A la “a pride of lions” or a “murder of crows,” I wondered whether they have a collective noun for turkeys. There are three, apparently: “gang” (oh, what I wouldn’t give to see them all dressed up like Brando in The Wild One) and “posse.” Yes, they could be the whole cast of Gunsmoke! The third noun, “rafter,” was puzzling at first. Anyway, though their size can be quite imposing, unlike certain truly foul geese I have known, they seem to have no interest in terrorizing their human neighbors. In fact they are quite benign and possess a kind of goofy dignity that becomes positively Rooseveltian when you see them with their young.
I remember, several years ago, watching a nursery school gaggle of turkey chicks being shepherded (multiple mixed animal metaphor alert!) across the road. Maybe I found them so heart-twistingly adorable because I knew, as did our editor Ambrose Clancy who wrote in his classic Turkey Island article for the Reporter back in 2021, “… the first impression is how magnificently ugly they are, with the heads of space aliens and those dangling red wattles,” that they wouldn’t be “adorable” for long, except to the adult birds — teachers? Young mothers? And one older-seeming white-feathered dowager that cared for them. And turkeys taught me another thing or two just this past Labor Day weekend.
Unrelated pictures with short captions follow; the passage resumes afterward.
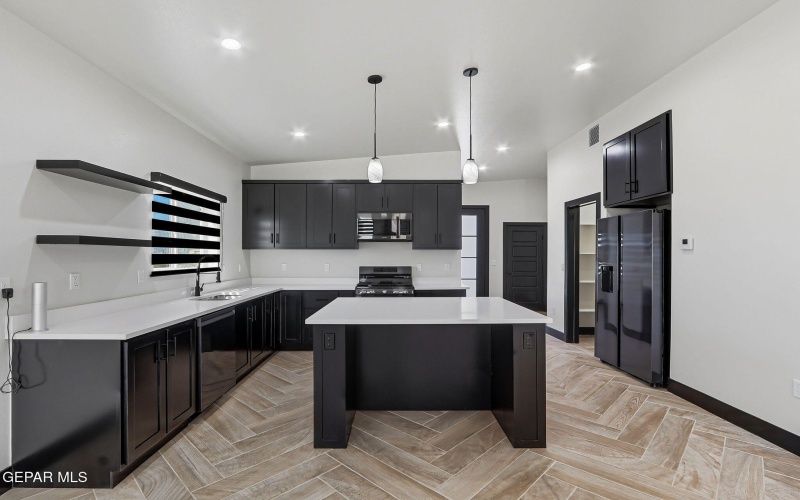 1376 Syrian Desert Drive, Chaparral, NM 88081, 4 Bedrooms Bedrooms, ,1 BathroomBathrooms,Residential,For Sale,1376 Syrian Desert Drive,0,934929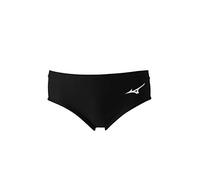 Mizuno Exer Maillot de Bain pour Homme, Homme, Noir, 34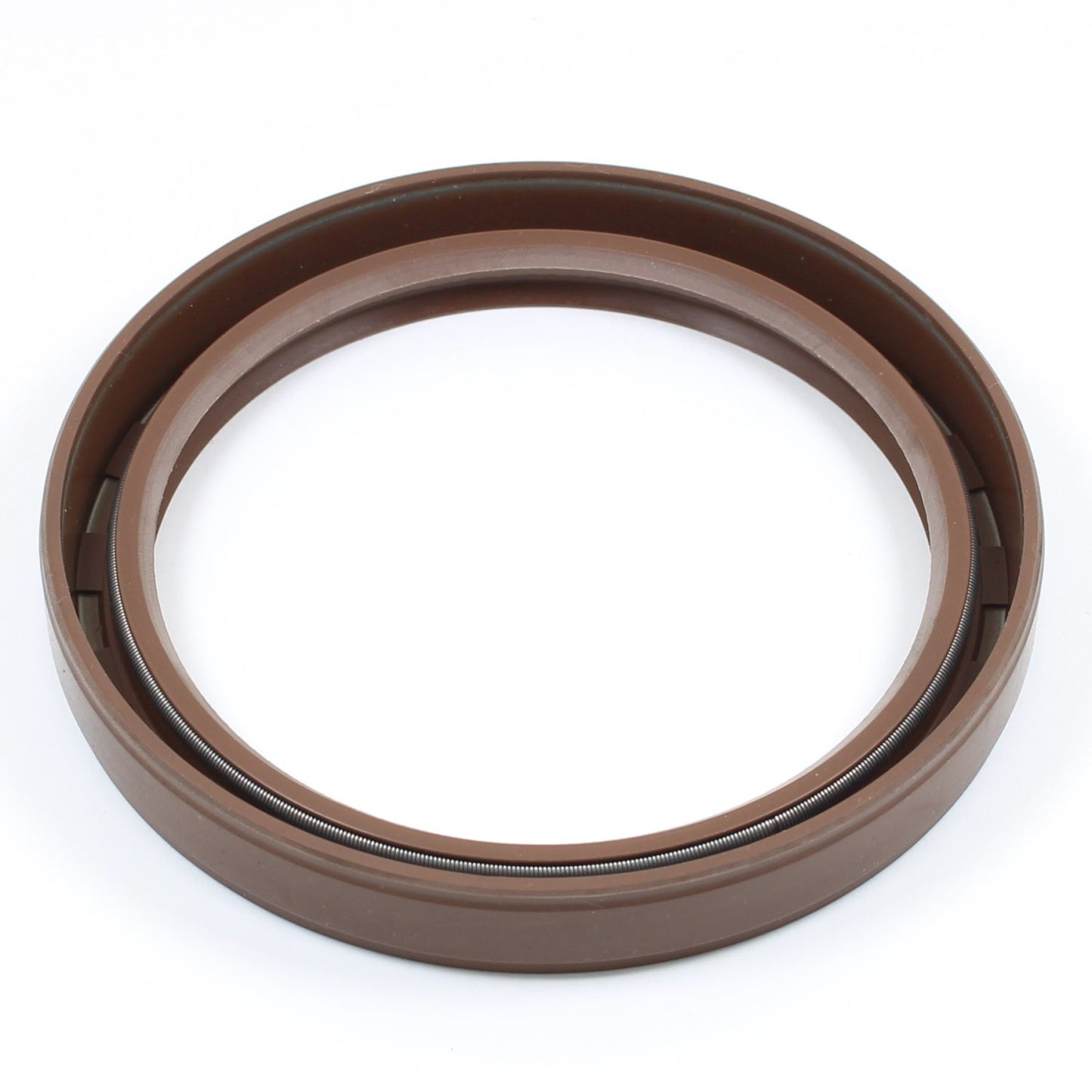 WJB Engine Crankshaft Seal WS228010 image 2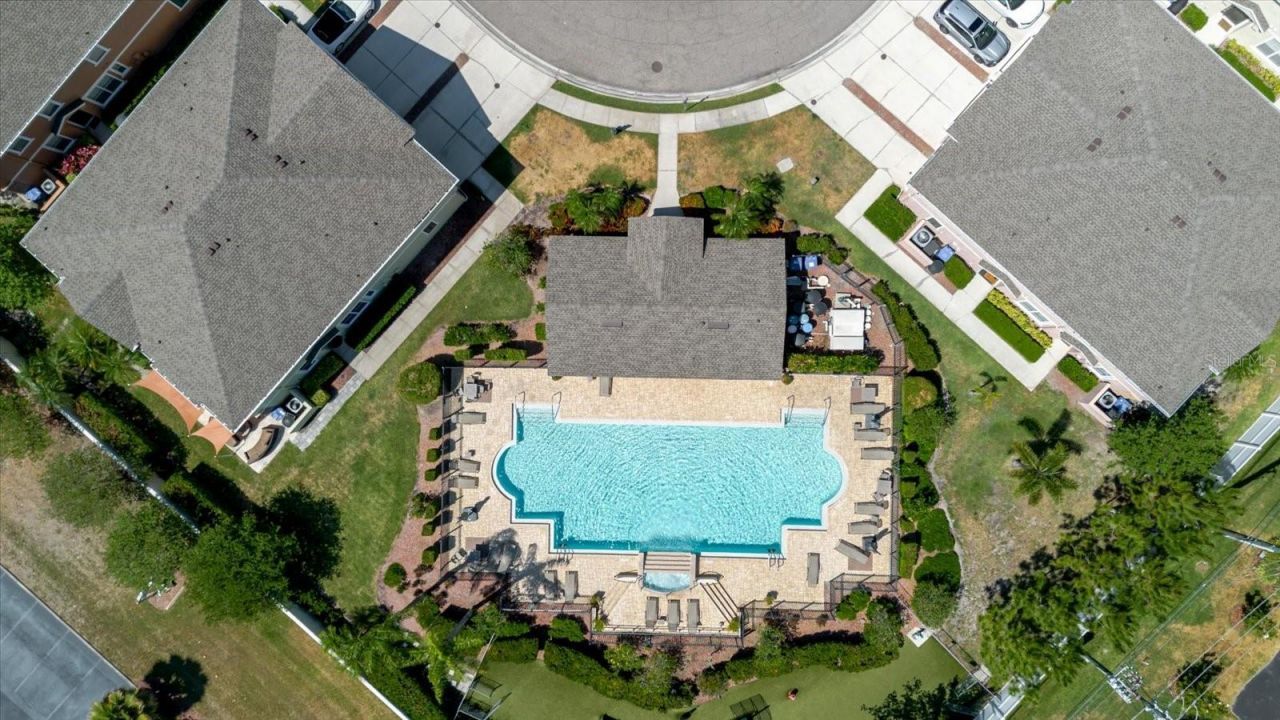 602 51st Avenue N, Saint Petersburg, FL 33703 Photo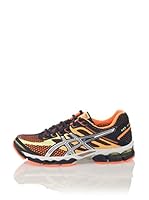 Asics Zapatillas Running Gel Cumulus 15 (Naranja)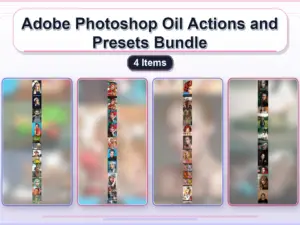 adobe photoshop oil actions and presets bundle 4 items collage 1a3c7014 1779183443
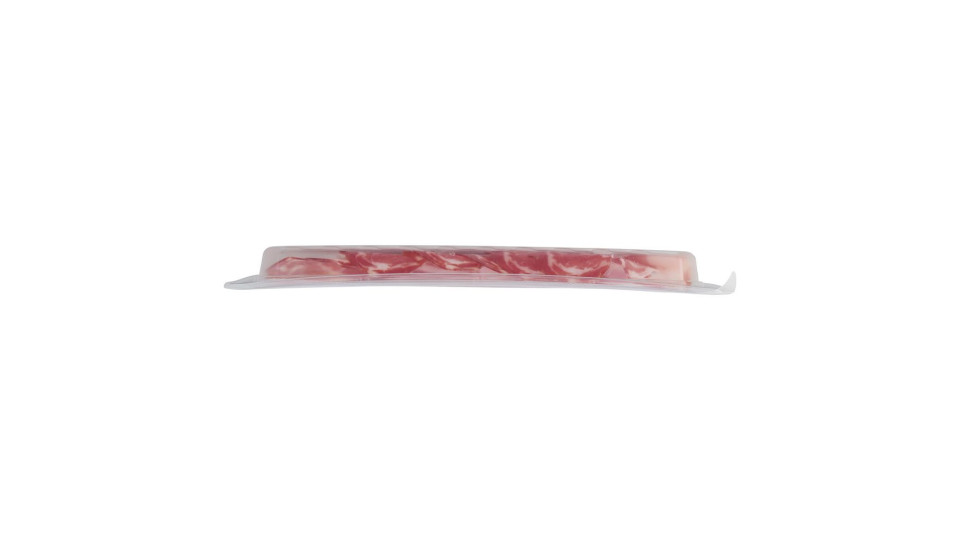 Antipasto Di Affettati Misti Da Suini 100% Italiani 0,120 Kg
I had turned into the driveway and noticed that the “ladies” were chaperoning their half-grown charges, the ones I’ve been watching since they were tiny chicks, across my yard as they often have. I just sat in my car, idly watching them, when suddenly one of the adults began flapping her sizable wings and making a mad dash toward the big maple tree.
Against the laws of physics, she flapped her way 20 feet straight up to the first branch where she landed briefly before continuing her improbable ascent upwards another 20 feet, fluttering from branch to higher branch with the agility of a Cirque de Soleil headliner.
Impressive. As Clancy had pointed out in his article, turkeys are surprisingly … surprising. I had thought that like penguins, they couldn’t fly until, years ago, I came across several of them perched in a queue along a cable wire some 15 feet above the road. But now, the second adult replicated her sister’s feat, her wings flapping a flurry of leaves loose as she charged upwards.
Then I noticed that the seven or so “teen-aged” chicks had moved to the side of my house, almost out of sight, while the third adult had gone halfway up my back steps, clearly trying to keep watch over them. There was a long pause in the activity, like before a foul shot, and then a small turkey dashed into view, hurtling tree-ward. My heart was in my throat as it furiously flapped its half-grown wings.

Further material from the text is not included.